Pictures stay out of the output. Return exactly the lines below from the one with "発表会 入園式 卒園式" down to the one with "Hot anti-slip cotton", both included, and nothing more.

- Input -

-----

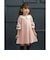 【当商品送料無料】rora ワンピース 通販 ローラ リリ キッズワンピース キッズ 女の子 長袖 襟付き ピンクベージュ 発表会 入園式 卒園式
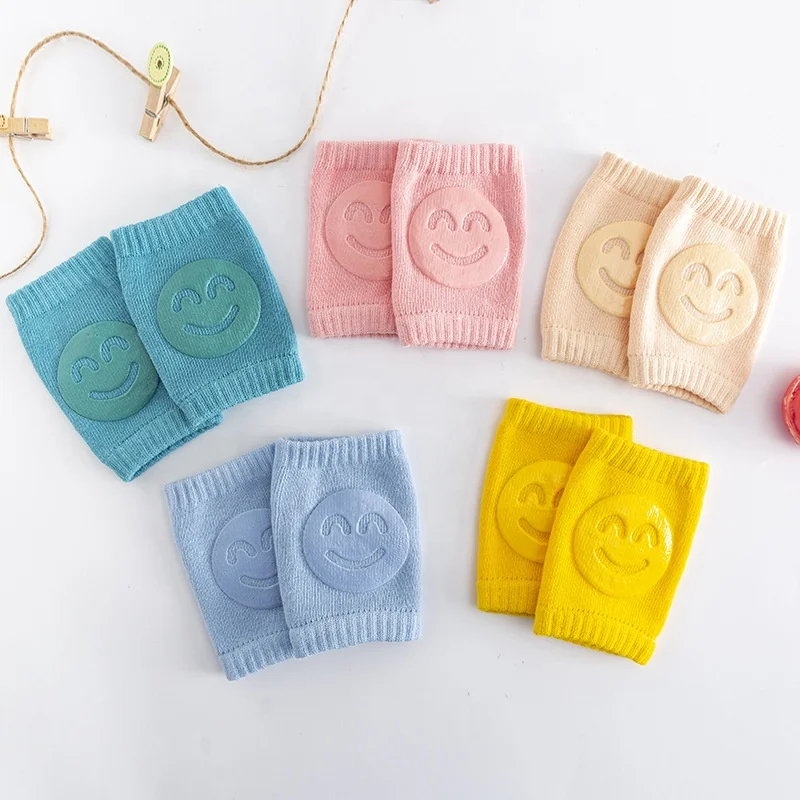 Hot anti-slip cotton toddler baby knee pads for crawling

-----

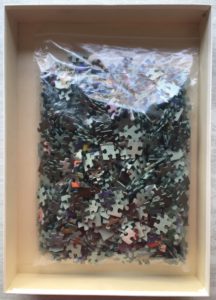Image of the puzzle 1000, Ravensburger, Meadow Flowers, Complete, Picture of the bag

-----

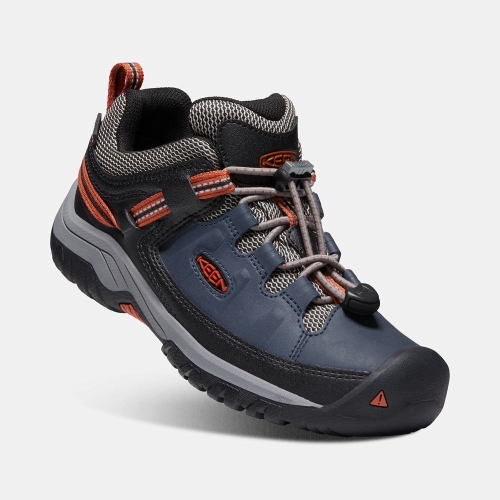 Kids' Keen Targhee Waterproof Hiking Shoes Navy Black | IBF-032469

-----

- Task answer -
 【当商品送料無料】rora ワンピース 通販 ローラ リリ キッズワンピース キッズ 女の子 長袖 襟付き ピンクベージュ 発表会 入園式 卒園式
 Hot anti-slip cotton toddler baby knee pads for crawling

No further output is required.